Saving a bridge is much like building one, Mr. Sloan said. Both require a great deal of support. "There are examples of people all over the country, people who are trying to save these old bridges," he said. "They need to yell and scream, get public officials to help them out and raise money."
In Canton, N.Y., a group raised about $170,000 in grants and donations to save another bowstring bridge, one that crosses the Grasse River, which flows north into the Saint Lawrence River.
Hearing of the unusually high amount raised, "bridge nuts" from around the country have been calling the project's organizer, Varick Chittenden, for advice. He credits community support and a theme larger than simply saving a bridge.
"Canton is a community with a real sense of history," Mr. Chittenden said. "There was a lot of enthusiasm for the project, and we're going to use the bridge as part of a cultural heritage park."
Still, the bridge preservation campaign has been going on since 1998 and reconstruction has yet to begin, though Mr.

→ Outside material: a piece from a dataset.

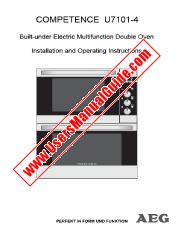 Vezi U7101-4M pdf Manual de utilizare - Numar Cod produs: 944171318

Chittenden said he hoped it would be done this summer.
In Newfield, Mrs. Van Etten, who is also a Town Board member, changed minds and won support by showing that the groups would not buckle by sharing the $77,000 cost of repairing the bridge.
She secured grants from Historic Ithaca and a fund run by Mr. Sloan's family. She raised $7,000 through car washes, bake sales and 5-cent returns on soda bottles. "People from trailer parks sent money," she said.
Tompkins County and the town of Newfield did some of the work.
Peter Williams, a descendant of a founding mill family in Newfield, donated money and land so the town could build a small park nearby and increase the bridge's importance.
Sharing the burden is essentially how a bowstring bridge works, too, Mr. Sloan said. The strings that curve around the bridge redistribute the weight so that a center support beam, which in this case would be in the Cayuga River, is not required, making the bridge more beautiful and efficient.
Mrs. Van Etten, who organized a rededication ceremony on June 5, said that she hoped the park would be built soon, and that she thought the bowstring bridge and a covered bridge nearby would attract tourists. "This is by no means the end," she said. "Maybe people weren't happy in the beginning, but it can't be anything but good from now on."